Sem o controle de qualidade na produção, as sementes piratas podem carregar pragas e doenças que serão manifestadas no campo, com a implantação da lavoura. Patógenos que estão nas sementes piratas podem servir de contaminantes do solo, causando prejuízos nas safras seguintes.

Aumento da produção mundial

É sabido que o aumento populacional mundial nos próximos anos vai gerar uma demanda para uma maior produção agropecuária. Nesse sentido, somente com o uso de sementes certificadas é possível ter garantias do investimento em qualidade genética e alto vigor na produção.

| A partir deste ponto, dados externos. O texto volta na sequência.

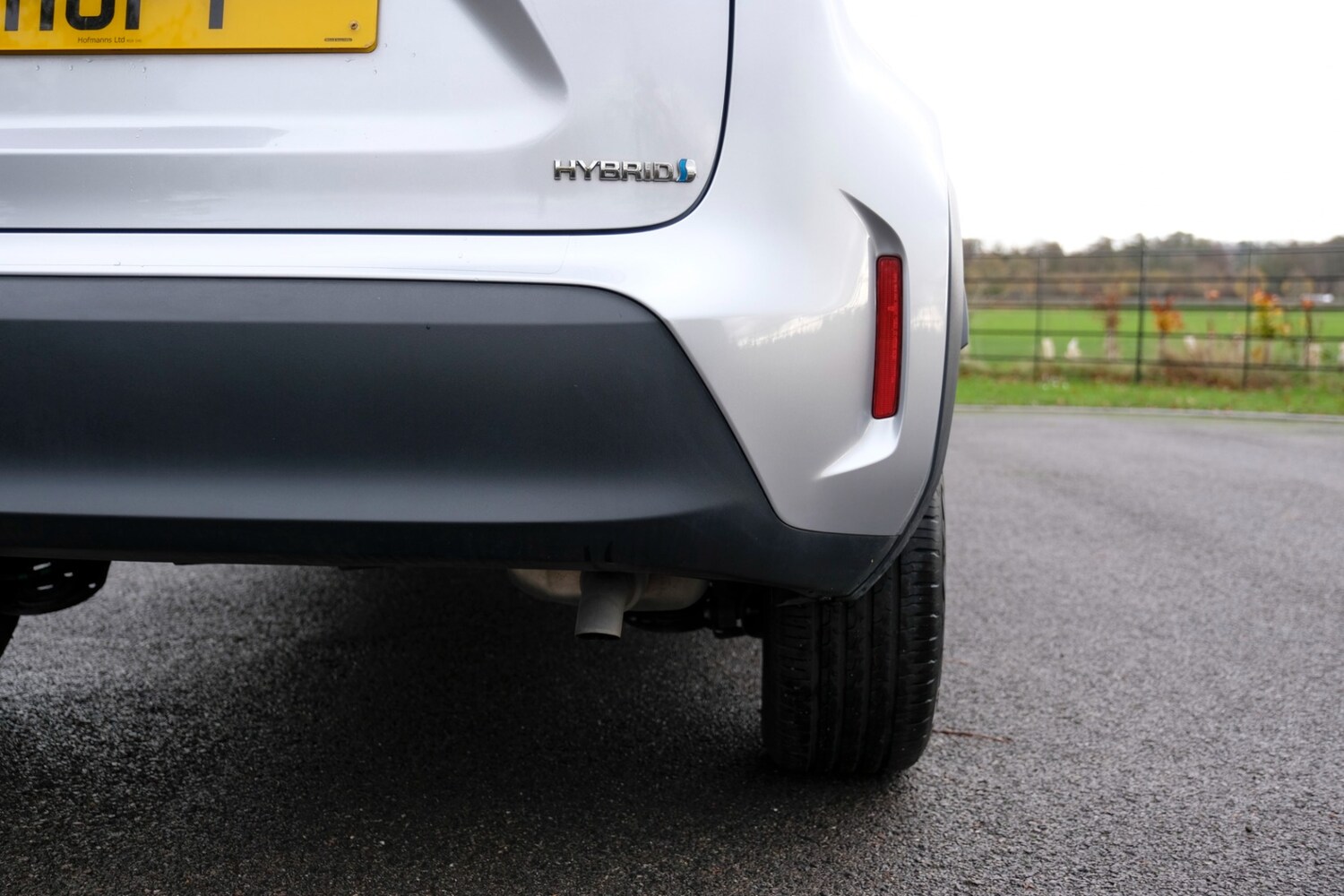 Used Toyota Yaris Cross 2023 for sale - 76564979: Photo 26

As perspectivas para a produção agrícola no mundo colocam o Brasil em destaque no relatório apresentado pela OECD (Organização para Cooperação e Desenvolvimento Econômico) e pela FAO (Organização das Nações Unidas para a Alimentação e a Agricultura). A publicação prevê um aumento de 17% na produção agropecuária na América Latina e Caribe até 2027.

No Brasil, as produções de soja e milho são as que terão maior importância, impulsionadas pelo aumento da produção de proteína animal e o consumo desses grãos na forma de ração. Para que essa estimativa seja alcançada é imprescindível o uso de novas tecnologias e melhores produtividades na mesma área.

 

Fontes

Owen H. et al. Single nucleotide polymorphism assay to distinguish barley (Hordeum vulgare L.) varieties in support of seed certification. Genetic Resources Crop Evolution, 2019.

OECD/FAO. OECD-FAO Agricultural Outlook 2018-2027, OECD Publishing, Paris/Food and Agriculture Organization of the United Nations, 2018.